When I think about the mistakes I’ve made, the unkind words I’ve spoken, the opportunities I’ve let slip by, the unhealthy mindsets I’ve fostered — it makes me want to hang my head in shame.
On too many occasions, I have not acted as my best self, the self I want to be. The self I know I’m capable of being. On too many occasions, I have accepted mediocre, I’ve stood by when I should have acted, I’ve said “no” to life when I could have said “yes.”
If there is any grace in this humbling admission, it’s the knowledge that I’m not alone. Failing to live up to expectations, our own or that of others, is part of the human condition. We are flawed, every single one of us. And as hard as we may try to be our “best selves,” we will never reach that goal. We will never reach it because our best self is a work in progress. It will be until the day we die.

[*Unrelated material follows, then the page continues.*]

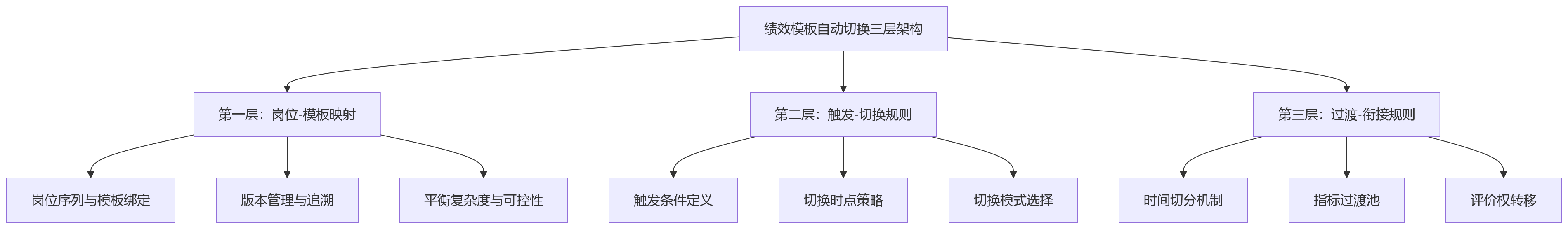 流程图 - 跨岗位调动绩效模板切换关键问题清单与解决路径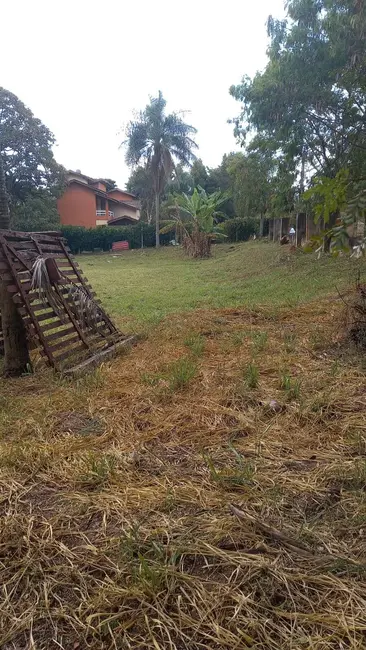 Foto 6 de Terreno / Lote à venda, 2880m2 em Colinas do Mosteiro de Itaici, Indaiatuba - SP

But . . . we can be a “better self.” We can define the best self we want to be and strive daily to come as close to that as possible. Yes, we will forget. We will falter. We will fail at times. However, as long as we keep trying to be better, we are doing our best.
I believe without our mistakes and failures, we can’t come close to becoming our best selves. Without them, we don’t know where and how to improve. We may be inspired to set lofty goals, but it’s the mistakes along the way that show us the next step we need to take.
Failure may be humbling, but it is a teacher. If you shift your perspective just a bit, maybe you’ll even see your lapses as a gift. I love what thought leader and author Marianne Williamson says about failure and being a better person:
The new midlife is where you realize that even your failures make you more beautiful and are turned spiritually into success if you became a better person because of them. You became a more humble person. You became a more merciful and compassionate person.
That has certainly been true for me. In my young adult years, I did everything possible to hide my failures and flaws. I had a hard time facing my negative qualities and admitting, “Yep, you belong to me.” With every passing year, you gain acceptance that perfection is an impossible goal and a waste of time. You learn to forgive yourself and can more easily move on. You learn to extract the valuable nuggets from your blunders before you run away from them with your head down and eyes averted. You learn that being a better person means embracing your strengths and weaknesses.
I want to be a better person, and I believe you do as well. Let’s work together to accept the inevitability of mistakes, flaws, and setbacks, while continuing to move toward the best self we all desire to be.